IMO Saturday is still better since it gives people the weekend to listen. String quartets will be a very rich field.


----------



## Pugg (Aug 8, 2014)

KenOC said:


> IMO Saturday is still better since it gives people the weekend to listen. String quartets will be a very rich field.


I second this :tiphat:


----------



## D Smith (Sep 13, 2014)

^^ Agree with this, too. It's nice to have the whole weekend to schedule listening. I often take advantage of RDB's early Symphony post to listen to that week's work on Friday if I have the time.


----------



## Kevin Pearson (Aug 14, 2009)

I agree that Saturday gives the whole weekend to listen. I never refer to the actual list and depend on others posting about it in the Classical Listening thread. There are easily another hundred or two symphonies left to explore but I would be willing to make the switch to string quartets.

Kevin


----------



## techniquest (Aug 3, 2012)

> I agree that Saturday gives the whole weekend to listen. I never refer to the actual list and depend on others posting about it in the Classical Listening thread. There are easily another hundred or two symphonies left to explore but I would be willing to make the switch to string quartets.

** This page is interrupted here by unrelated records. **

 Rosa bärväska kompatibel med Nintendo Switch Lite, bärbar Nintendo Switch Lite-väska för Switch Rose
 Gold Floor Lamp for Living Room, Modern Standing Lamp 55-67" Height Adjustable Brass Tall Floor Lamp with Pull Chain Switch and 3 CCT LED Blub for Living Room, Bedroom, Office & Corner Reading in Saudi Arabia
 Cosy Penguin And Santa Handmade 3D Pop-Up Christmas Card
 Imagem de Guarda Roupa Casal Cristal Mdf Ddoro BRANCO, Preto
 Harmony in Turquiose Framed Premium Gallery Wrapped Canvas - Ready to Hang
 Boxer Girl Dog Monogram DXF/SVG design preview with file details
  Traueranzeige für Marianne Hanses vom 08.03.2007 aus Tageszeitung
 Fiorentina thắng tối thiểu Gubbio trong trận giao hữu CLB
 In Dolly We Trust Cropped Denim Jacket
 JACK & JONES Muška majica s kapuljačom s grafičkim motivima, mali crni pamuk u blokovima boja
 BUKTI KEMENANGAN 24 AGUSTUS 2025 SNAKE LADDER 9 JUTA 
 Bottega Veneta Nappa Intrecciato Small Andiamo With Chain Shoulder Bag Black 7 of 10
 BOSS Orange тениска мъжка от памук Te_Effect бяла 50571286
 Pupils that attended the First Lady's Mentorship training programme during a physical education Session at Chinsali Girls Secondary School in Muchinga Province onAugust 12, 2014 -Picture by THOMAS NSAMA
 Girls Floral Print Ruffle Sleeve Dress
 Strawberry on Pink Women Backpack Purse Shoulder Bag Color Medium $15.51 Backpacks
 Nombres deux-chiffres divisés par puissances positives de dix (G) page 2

If someone wants to create and maintain a thread for string quartets, then why not? Aliteration isn't compulsory so it could simply be the 'weekend string quartet', or 'concerto', or this week's opera, cantata, sonata, tone poem....whatever. There will be those interested in some or all of these possibilities, there are others who won't. Personally I'm just happy that the Saturday Symphony is to continue as this is my particular favourite classical music format.


----------



## realdealblues (Mar 3, 2010)

Skilmarilion said:


> That thread was from a fair while ago ...
> 
> http://www.talkclassical.com/33405-help-future-saturday-symphonies.html?highlight=
> 
> Any chance suggestions can still be put forward?


Sure, anyone can post on that thread if they want and I will add them to the list I have, or they can feel free to send me a private message with Symphonies that were missing and or Symphonies mentioned in that thread that they would like to add another vote for, etc.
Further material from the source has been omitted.